Israele e le donne
Da bambina ero molto fiera di Israele, tra gli infiniti motivi, anche perché era l’unico Paese (per quanto ne sapevo) ad avere le donne soldato e perché il Primo Ministro era una donna. Mi sembrava per questo che fosse un passo avanti rispetto al resto del mondo, un modello positivo che tutti prima o poi avrebbero imitato. Le mie idee non nascevano dal nulla: quella fierezza che allora era mia e credo di molti altri bambini era alimentata consapevolmente dai racconti di amici e parenti, dalle maestre, dai filmini e dai poster del KKL; tutti ci presentavano il livello di uguaglianza raggiunto dalle donne in Israele come una straordinaria conquista, come uno dei fiori all’occhiello dello stato ebraico.
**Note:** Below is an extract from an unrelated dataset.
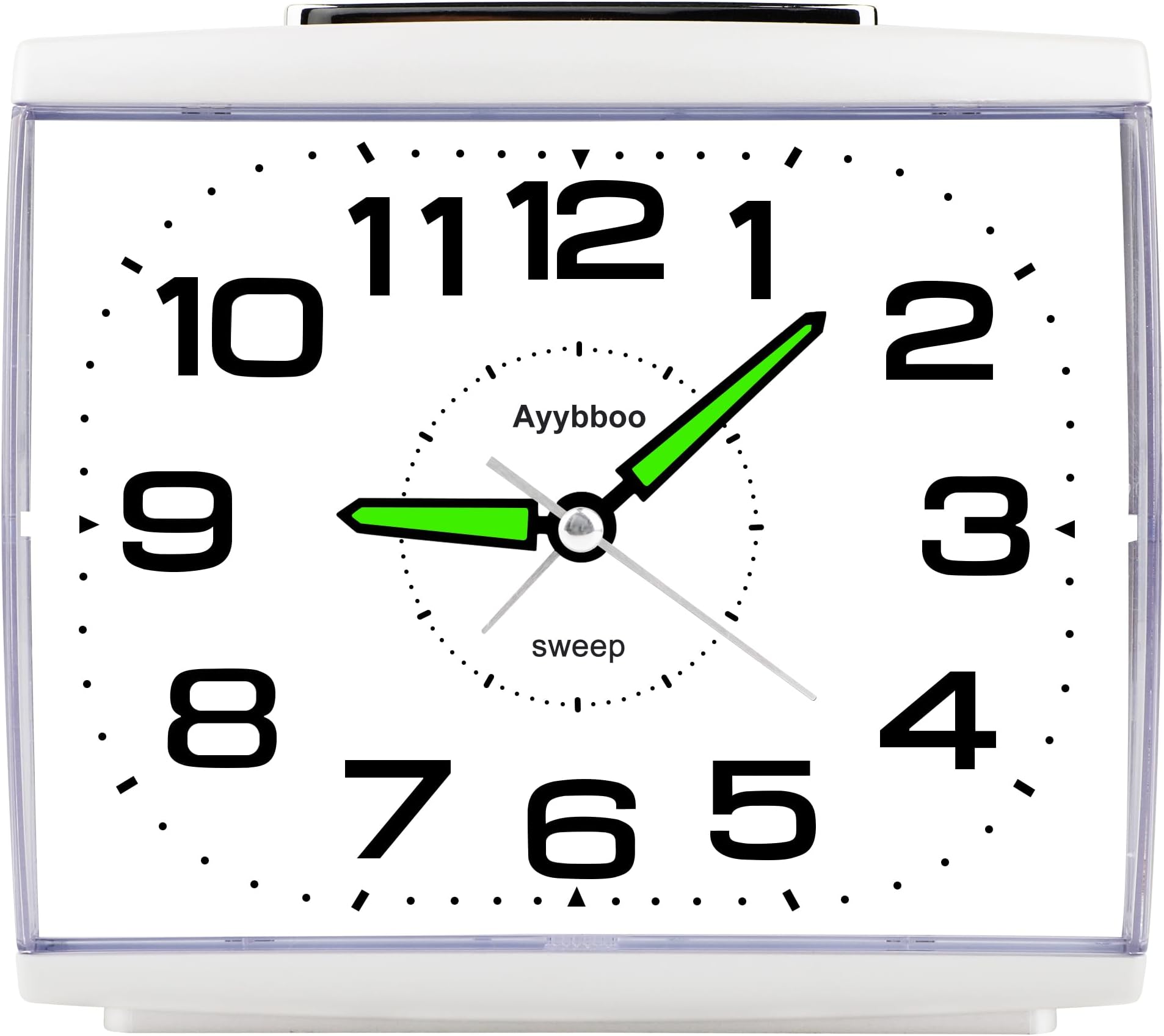 Alarm Clock Bedside Silent Non Ticking,Large Display Analogue Clock with Night Light,Battery Powered,Easy Read,Crescendo Loud Alarm for Elderly,Heavy Sleepers(White)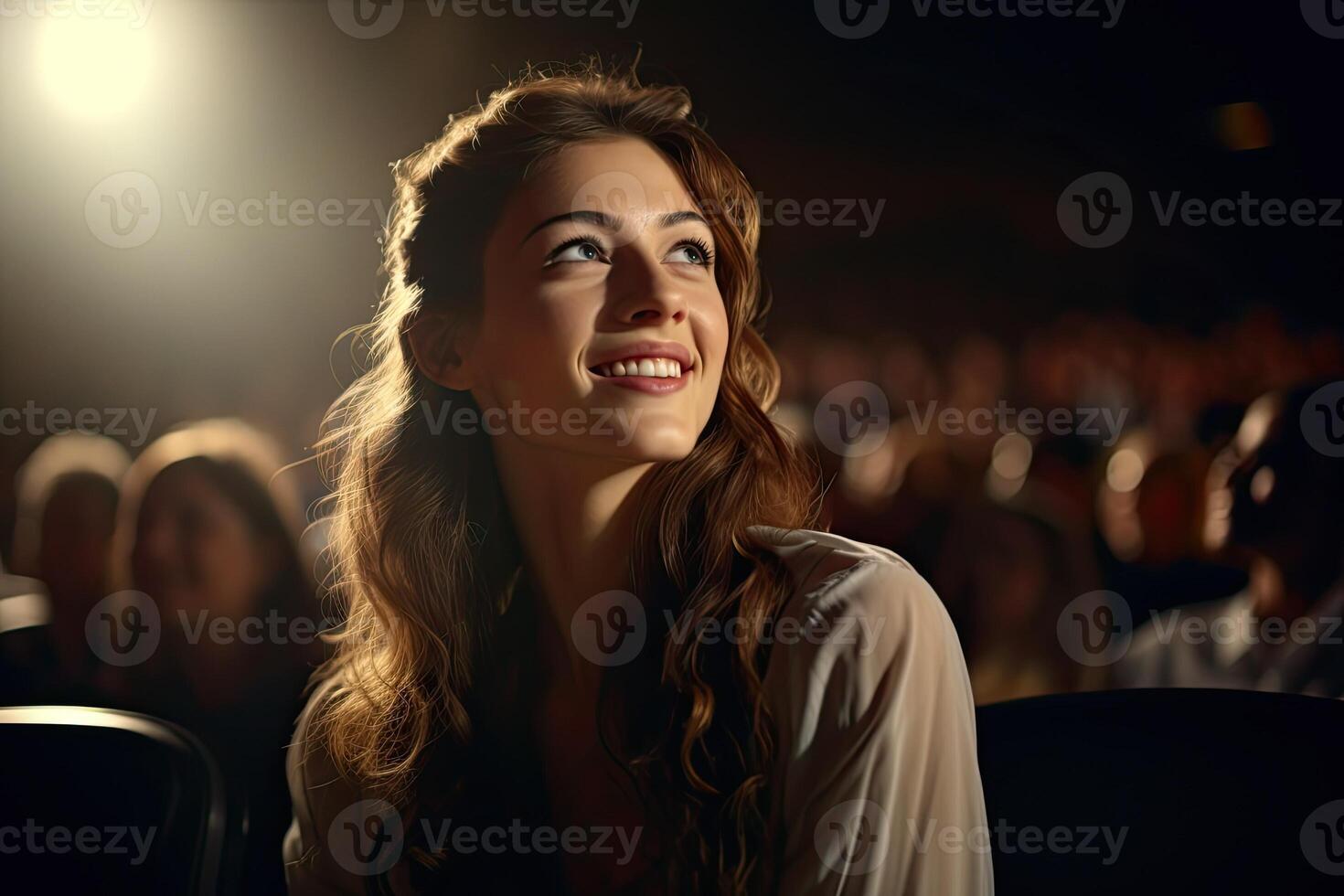 ai généré content Jeune femme à cinéma en train de regarder film photo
Era così perché proprio perché ebraico? Forse questo non veniva detto esplicitamente, ma inevitabilmente lo pensavamo.
Negli ultimi tempi si leggono e sentono notizie che stridono clamorosamente con l’immagine di allora: donne costrette ad occupare la zona posteriore degli autobus, marciapiedi separati, limitazioni alle voci o alle immagini femminili in pubblico. Possibile che quella fierezza che ci veniva trasmessa allora fosse un gigantesco equivoco? È stato un caso se proprio lo Stato ebraico, e non un altro, ha avuto la prima donna premier scelta per i suoi meriti e non per la famiglia di appartenenza? È stato un caso se proprio lo Stato ebraico fin dalla sua fondazione ha arruolato le donne nell’esercito, includendole così in un’istituzione fondamentale nella formazione dell’identità israeliana? È stato un caso, insomma, se proprio lo Stato ebraico fin dalla sua nascita ha voluto assegnare alle donne il ruolo di protagoniste e non di comparse?
C’è chi dice che quelle cose di cui andavamo fieri erano solo un cedimento al laicismo allora dominante e a valori non ebraici. Personalmente non posso e non voglio crederlo, e spero di non essere l’unica.